(Scraped caption text data)
┄┄┄┄┄┄┄┄┄┄┄┄┄┄┄┄┄┄┄┄
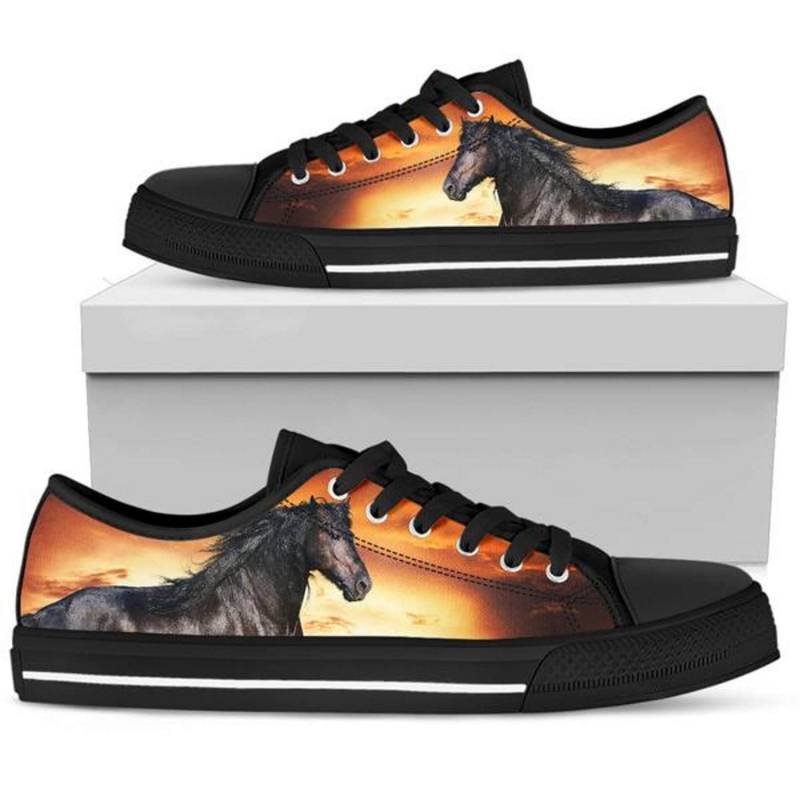Pferd Schwarze Damen-Turnschuhe Designer Wohnung Maßgeschneiderte Geschenke Ihn Ihre Low-Top-Turnschuhe Sportlich, Mode Lässig Binden Sportschuhe von TopsAndToes
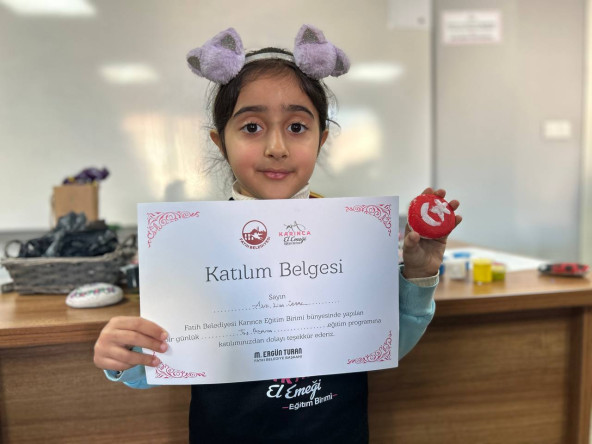 KARINCA El Emeği Eğitim Birimi'nden Hekimoğlu'nda Taş Boyama Keyfi: Çocuklarımızın Hayal Dünyasına Renkli Dokunuşlar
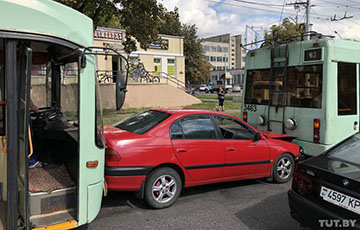 Фотафакт: У Менску тралейбус прыпячатаў Toyota ў іншы тралейбус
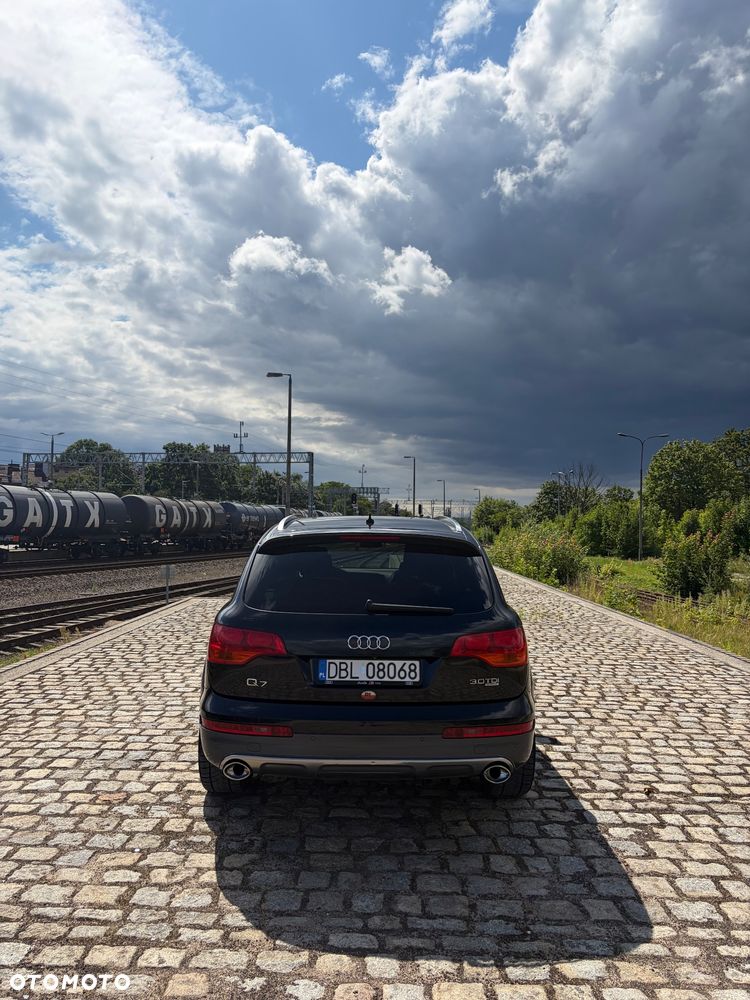 Audi Q7 3.0 TDI Quattro Tiptronic - 5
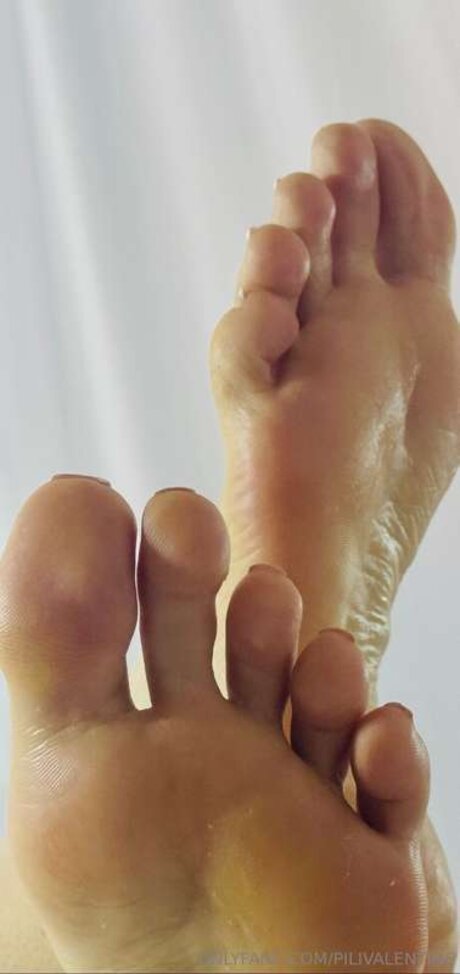 Foto di nudo di fuga di OnlyFans di Pilivalentine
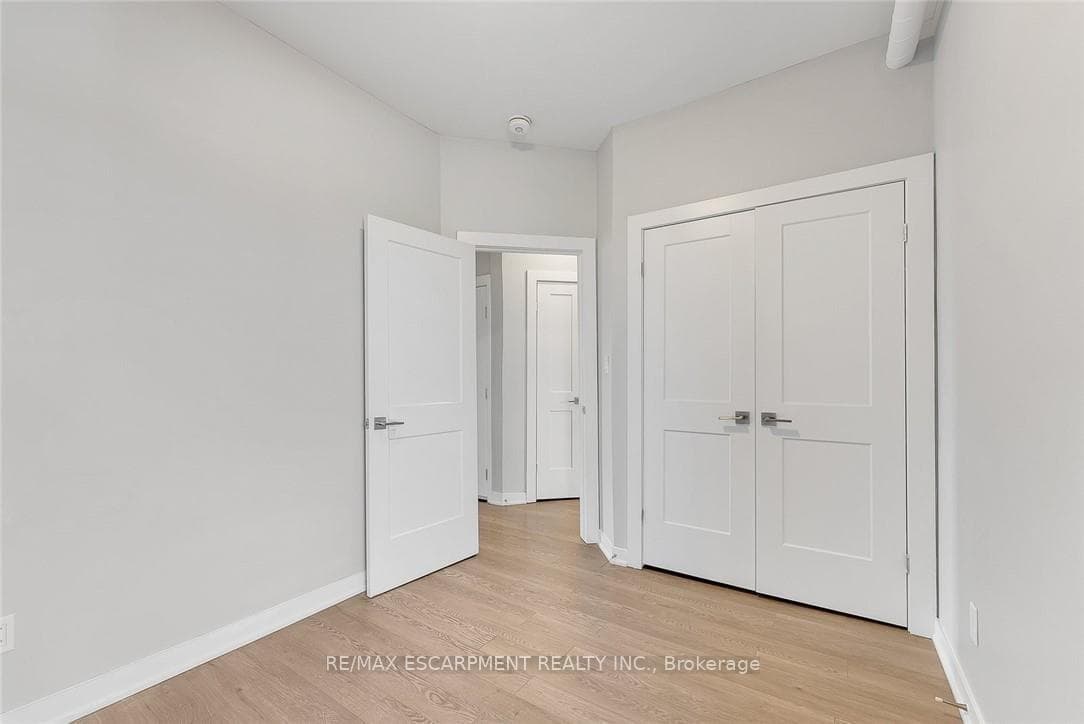 657 BARTON Street Unit 302 photo 19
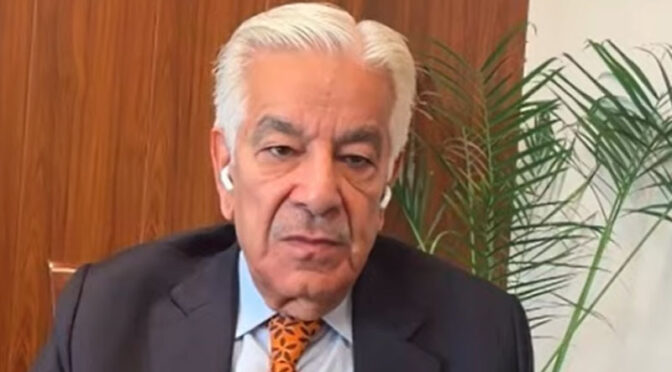 سنا ہے ڈونلڈ ٹرمپ چین جاتے ہوئے پاکستان میں رکیں گے، خواجہ آصف
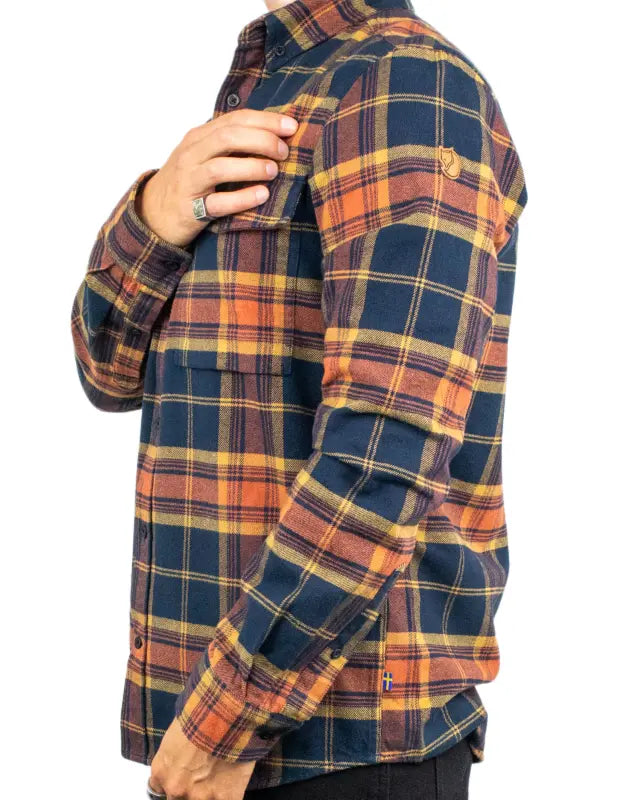 Fjällräven Övik Twill flanellskjorta i rostruta, detalj av ärm och läderlogga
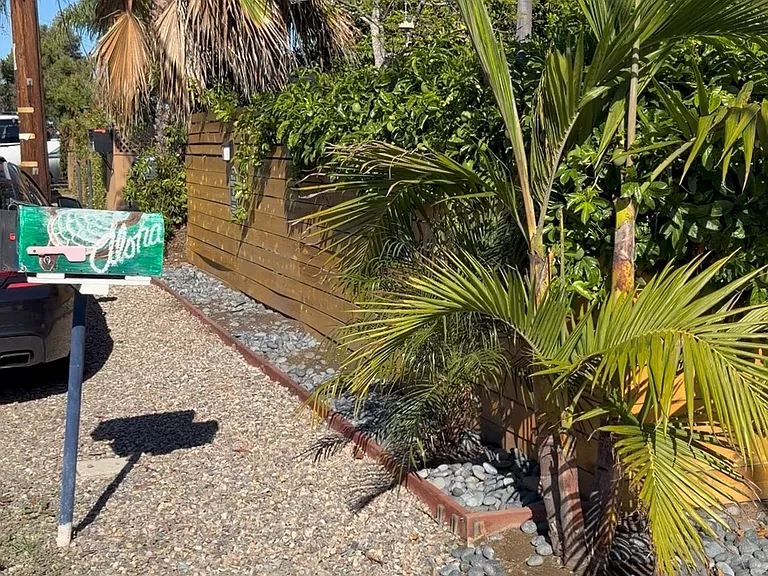 1153 Aloha Dr — Photo 15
┄┄┄┄┄┄┄┄┄┄┄┄┄┄┄┄┄┄┄┄
## WHAT THIS TASK INVOLVES:
Beginning at the line with "Foto di nudo", reproduce each line exactly through the last line of the records above, with pictures left out.

## TASK ANSWER:
 Foto di nudo di fuga di OnlyFans di Pilivalentine
 657 BARTON Street Unit 302 photo 19
 سنا ہے ڈونلڈ ٹرمپ چین جاتے ہوئے پاکستان میں رکیں گے، خواجہ آصف
 Fjällräven Övik Twill flanellskjorta i rostruta, detalj av ärm och läderlogga
 1153 Aloha Dr — Photo 15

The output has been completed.